== EXTRACTED DATA ==
= = =

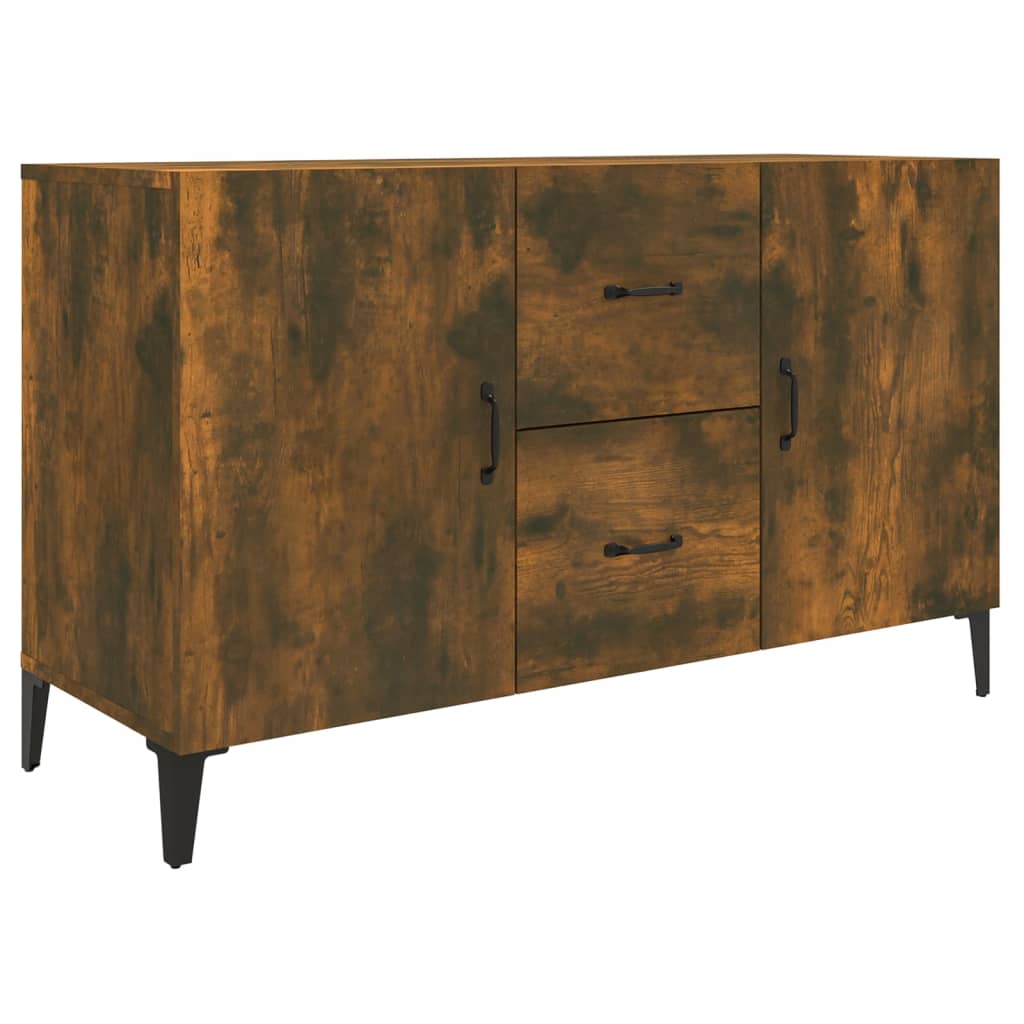Buffet chêne fumé 100x36x60 cm bois d'ingénierie Buffets & bahuts vidaXL   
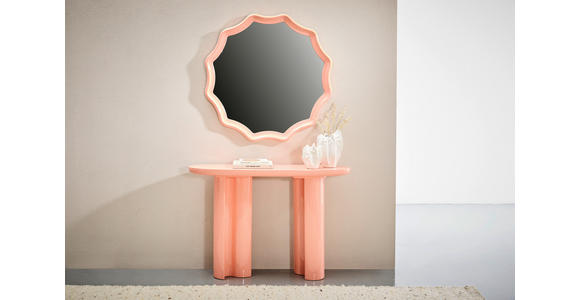 KONSOLENTISCH Orange  - Orange, Design, Holzwerkstoff (120/35/80cm) - Novel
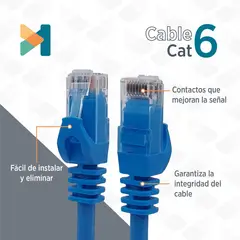 GENERICO - Patch Cord de Cobre SFTP VCP Cat 6A Pcv6A-03b Azul x 0.9 m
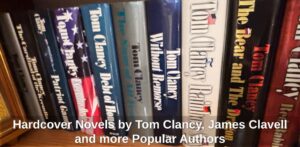 Hardcover-Novels-by-Tom-Clancy-James-Clavell-and-more-Popular-Authors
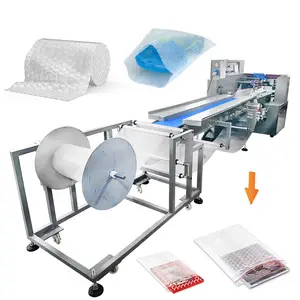 Rouleau de papier peint Pape Machine d'emballage à bulles antistatique Machine d'étiquetage d'emballage express automatique Ligne de production intégrée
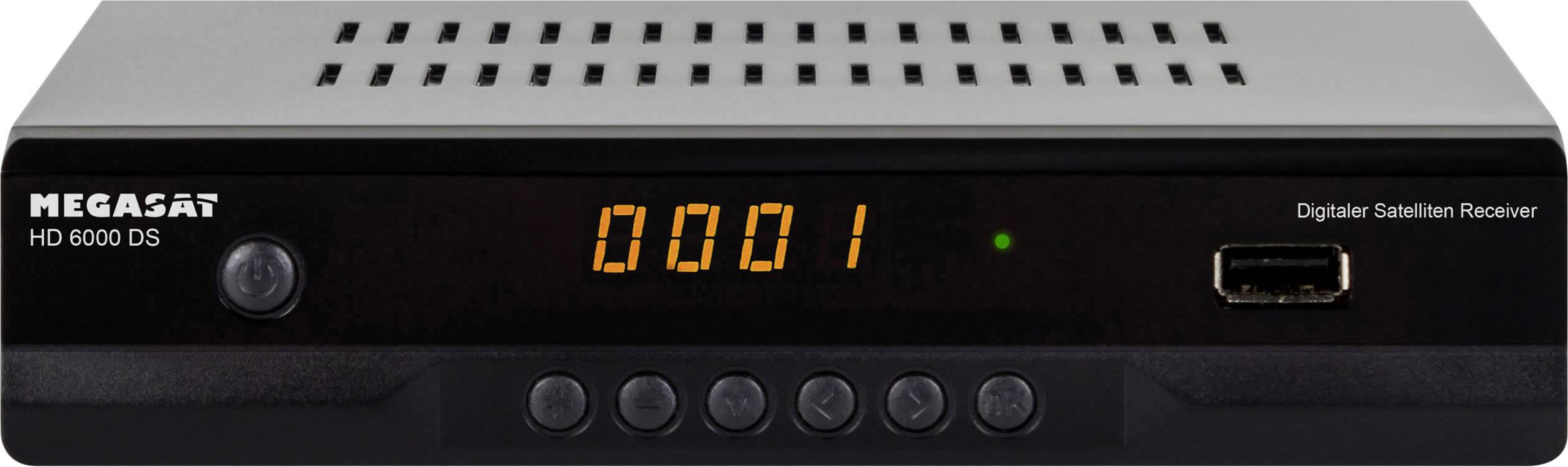 MegaSat HD 6000 DS Récepteur SAT HD USB à l'avant Nombre de tuners: 1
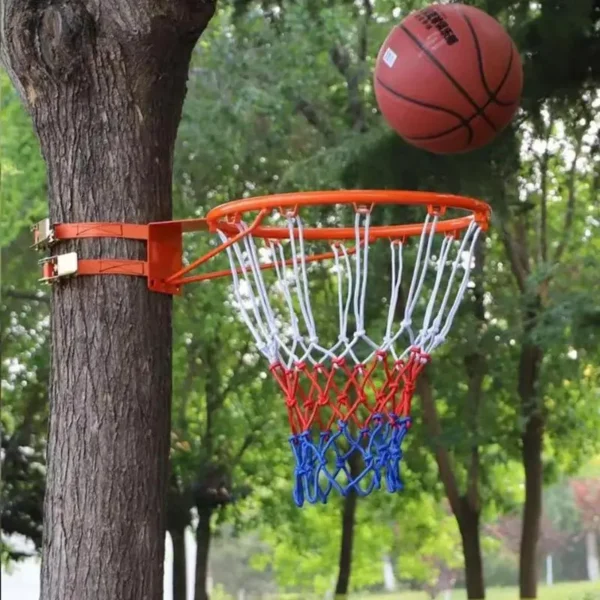 Ensembles de cerceaux de basket-ball pour enfants, 35/45cm, anneau mural, jante murale, filet de panier suspendu, fournitures de basket-ball résistantes à l'usure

= = =

== EXERCISE DIRECTIONS ==
In your copy of the data above, leave out the pictures and repeat everything else exactly.

== EXERCISE RESPONSE ==
Buffet chêne fumé 100x36x60 cm bois d'ingénierie Buffets & bahuts vidaXL   
 KONSOLENTISCH Orange  - Orange, Design, Holzwerkstoff (120/35/80cm) - Novel
 GENERICO - Patch Cord de Cobre SFTP VCP Cat 6A Pcv6A-03b Azul x 0.9 m
 Hardcover-Novels-by-Tom-Clancy-James-Clavell-and-more-Popular-Authors
 Rouleau de papier peint Pape Machine d'emballage à bulles antistatique Machine d'étiquetage d'emballage express automatique Ligne de production intégrée
 MegaSat HD 6000 DS Récepteur SAT HD USB à l'avant Nombre de tuners: 1
 Ensembles de cerceaux de basket-ball pour enfants, 35/45cm, anneau mural, jante murale, filet de panier suspendu, fournitures de basket-ball résistantes à l'usure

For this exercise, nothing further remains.